The fountain in Piazza Santa Maria is special to me not so much because of the fountain itself, but because it stands as an example of how architecture and landmarks bring people together. Each day, our group would meet at this fountain to touch base before heading off for a day of activities. Each day, especially as evening drew near, dozens of people would gather on the steps – watching street musicians, eating gelato, visiting with their friends. The piazzas are Rome’s living rooms, and the fountains are the living room couch.

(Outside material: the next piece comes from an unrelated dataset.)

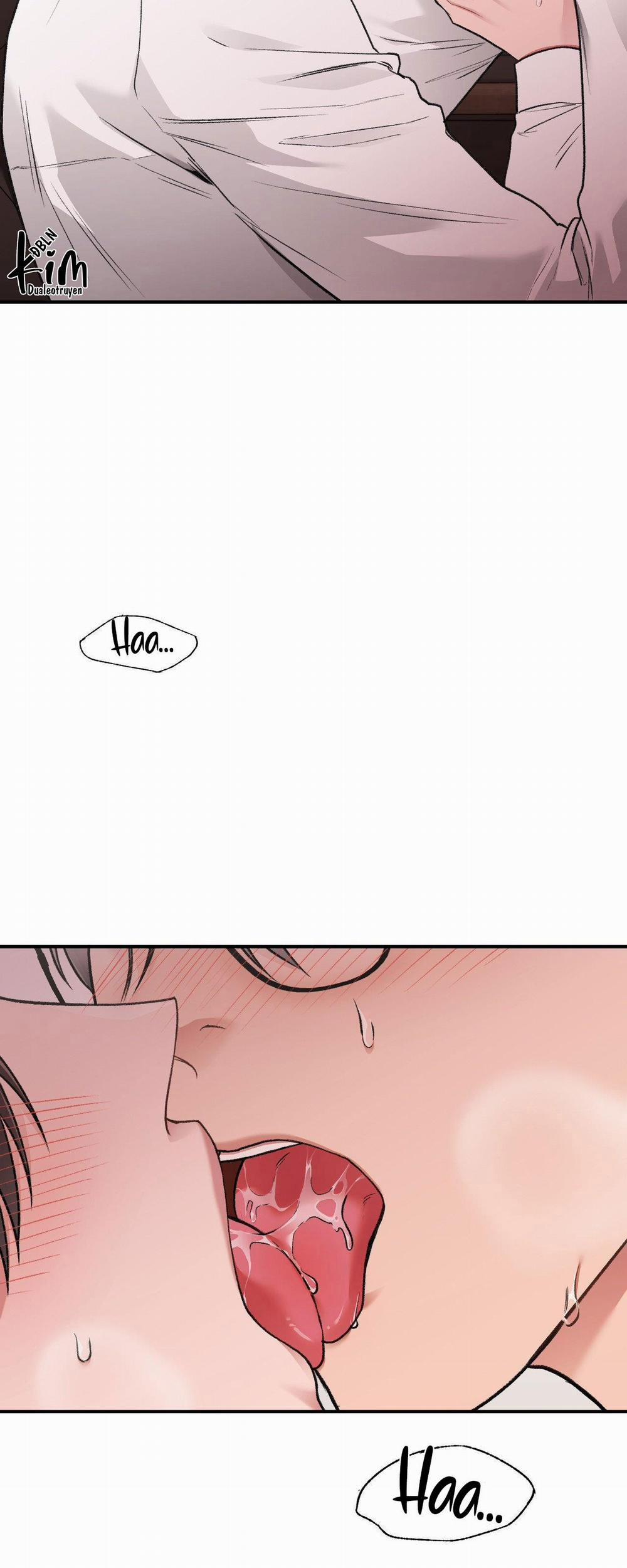 Zai Đẹp Nhưng Lại Thích Dạy Đời 48 0 trang 32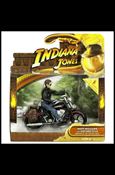 Indiana Jones Deluxe 3 3/4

The Fountain of the Four Rivers by Bernini was visually stunning. I love the juxtaposition of the smooth, meticulous human figures against the rough, organic cliff-like carving. The fountain was so grand, lit up at night. I spend time studying the fingers and toes of the figures, just admiring the technical skill. A crowd gathered around but it was different from the crowds in Santa Maria. It’s funny how some fountains are almost secondary to the hubbub of the Piazza, and some are the reason for it.
After trying and failing to capture the Trevi Fountain in a single photo that captured its grandeur, and its scale, I realized that some things aren’t meant to be photographed. There comes a point where a photo seems insulting because the impact of standing under it can never be digitally reproduced (there’s that Walter Benjamin concept again). Being there was special, if overwhelming. It’s hard to take something like this in, even with just my eyes – its more of a physical feeling. the smallness of my body against this monster of a water feature. I threw a coin over my shoulder, so I know I will be back.

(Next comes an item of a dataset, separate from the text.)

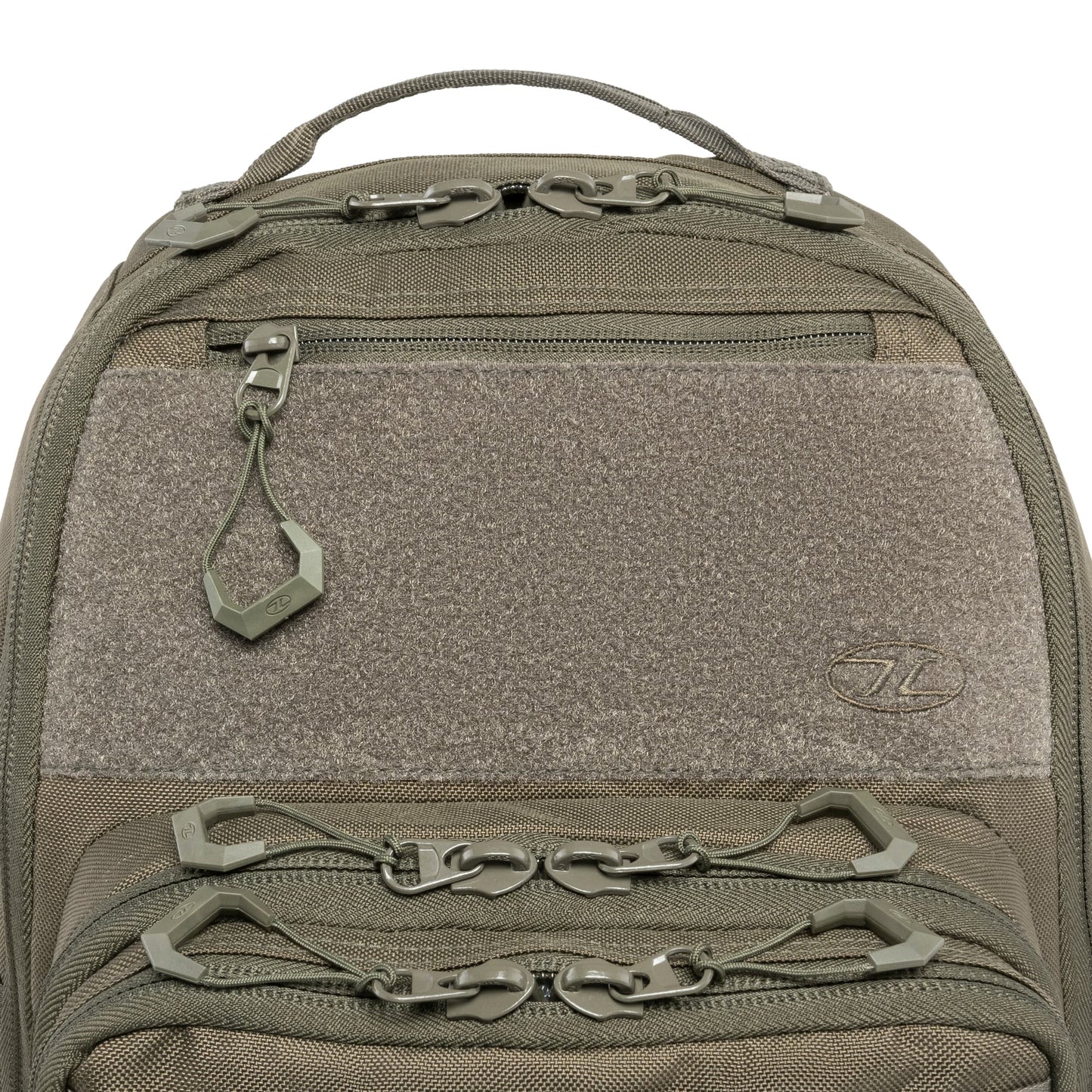 Plecak Highlander Forces Harrier 25 l - Ranger Green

Glorious green, I’ve never seen anything like you! I sat on cool stone and stared into your depths, wondering what it would be like to dip my feet in you; relishing in one of my many (many) ‘I can’t believe I’m here’ moments. I can’t believe what’s come before me, how much history, how many people have sat here, bathed here, breathed here, and that I get to to experience the weight of my body in this ancient and beautiful place.
Inside the corridors surrounding the green pool – which have been turned into a museum in the most respectful way possible, keeping the integrity of the architecture – I came across a fountain seeping spa water – which has 43 minerals and is said to heal all ailments. I wondered, does it heal hearts and minds as it heals bodies? When we’re home, in our grinds, our habits, its easy to let negative energy build up and weigh on us. Travel can lighten us up and help us to see how much negativity we’ve been carrying around, and let it go. I was already feeling this, but for extra measure I drank a full paper cup of tangy water and felt nauseous but hopeful.
Also, let it be noted that without conscious thought, I wore all earthy green tones to the baths! Green is such a healing color. After exploring this historic site, a small group of us went to a nearby spa, and swam in a heated rooftop pool overlooking the beautiful city. We sat in a sauna letting our tired muscles rest and sweating out our toxins. ‘Twas a healing day all the way through.